In about a year’s time, beginning in September 2016, the team completed the necessary research, design work and fundraising necessary to complete the project in partnership with Richmond’s Department of Parks and Recreation. The team raised more than $200,000 from donations and matching grants. Even students and faculty from Life Skills classrooms at Richmond Community Schools contributed to their efforts.
“This playground is for children of all abilities but is purpose-built for children with sensory learning disorders and other physical disabilities,” Smith says. “What has struck me during the creation of this playground is that in these somewhat divisive political times in our country, our community came together around this project.”

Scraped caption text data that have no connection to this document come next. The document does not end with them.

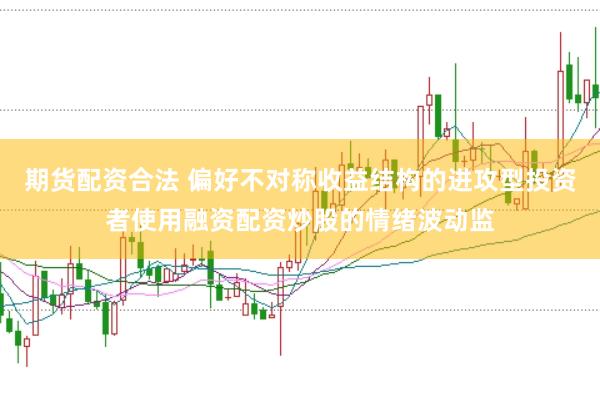 期货配资合法 偏好不对称收益结构的进攻型投资者使用融资配资炒股的情绪波动监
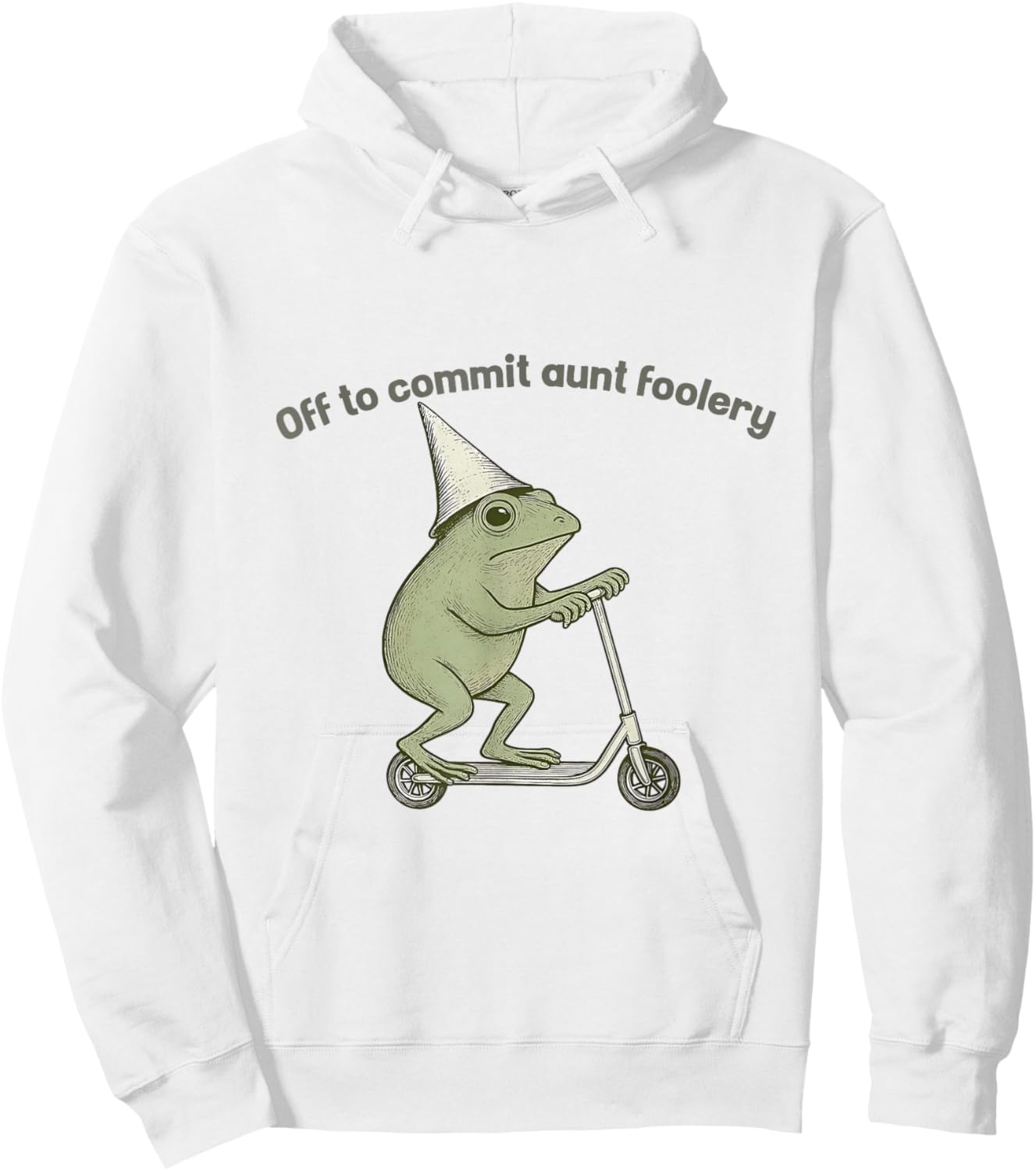 Off to Commit Aunt Foolery Funny Frog Meme Hoodie - Hoodie | White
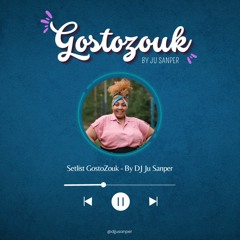 SetList Gostozouk - By Ju Sanper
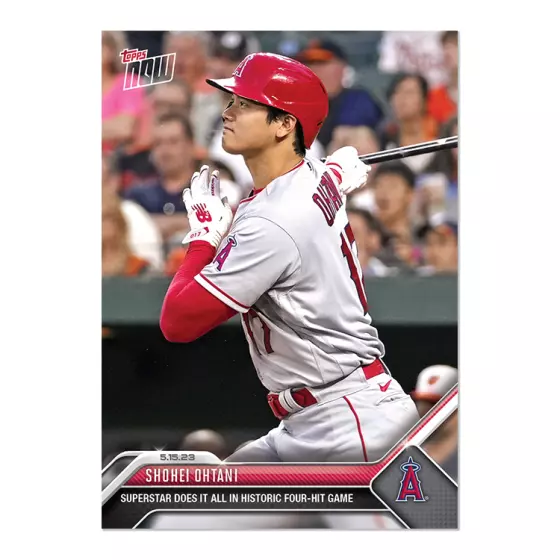 SHOHEI OHTANI HISTORIC 4 Hit Game 2023 MLB TOPPS NOW Card 294 20.00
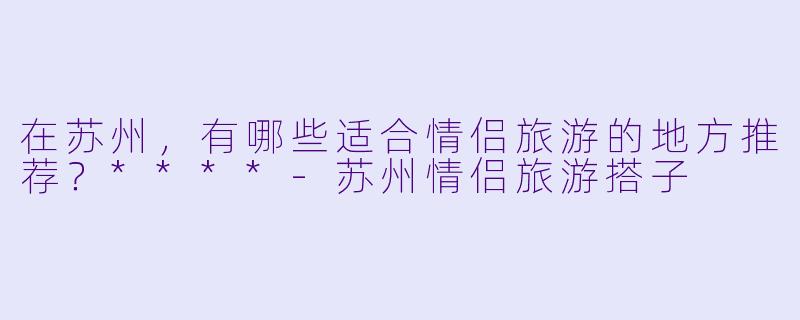 在苏州，有哪些适合情侣旅游的地方推荐？****-苏州情侣旅游搭子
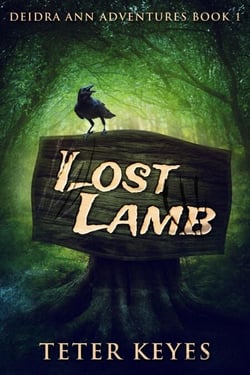 Lost Lamb - Deidra Ann Adventures, #1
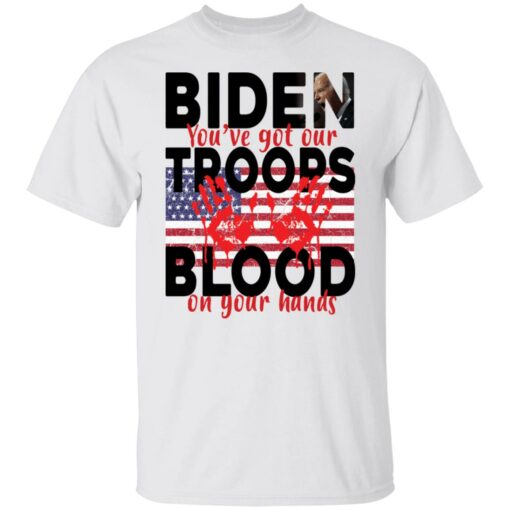 Biden you've got our troops blood on your hands shirt $19.95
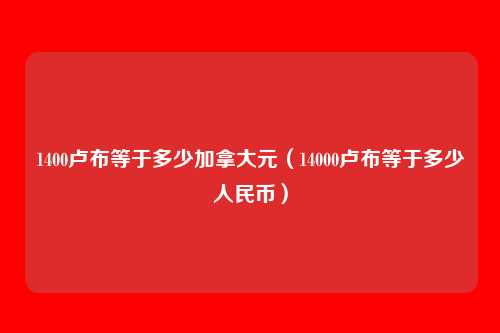 1400卢布等于多少加拿大元(14000卢布等于多少人民币)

The playground features traditional playground equipment like swings and slides along with movable sensory panels and dome-like structures for children seeking a break from play.
“This was important to me as a potential project because we had this need within our community that we have not met as a parks system,” Parks Superintendent Denise Retz says. “We gave the team from Earlham a lot of free reign to do what they like in design and fundraising and all aspects of the project. They did a wonderful job.”
One of the more distinctive elements of the playground is that it is fenced in to promote safety.
“The closest fenced in playground from here is about 75 miles away so this will serve as a really great purpose for the Richmond area,” Logan-Wood says. “We spent a lot of time researching effective designs for sensory playgrounds. Inclusivity was very important to us.”
This community-based initiative is yet another example of the kinds of projects that are encouraged by the College for students to work on real projects with real consequences at the local, regional and global level. A major initiative at Earlham called the Epic Advantage further provides the offer of funding to complete a community project, internship or research experience for all interested students before graduation.
“This is much more than just a playground,” says Jay Roberts, Earlham associate vice president of academic affairs. “These students developed a powerful set of knowledge, skills and abilities while engaging in cross-disciplinary work in child development, autism and special education that will help the community with a demonstrated need.”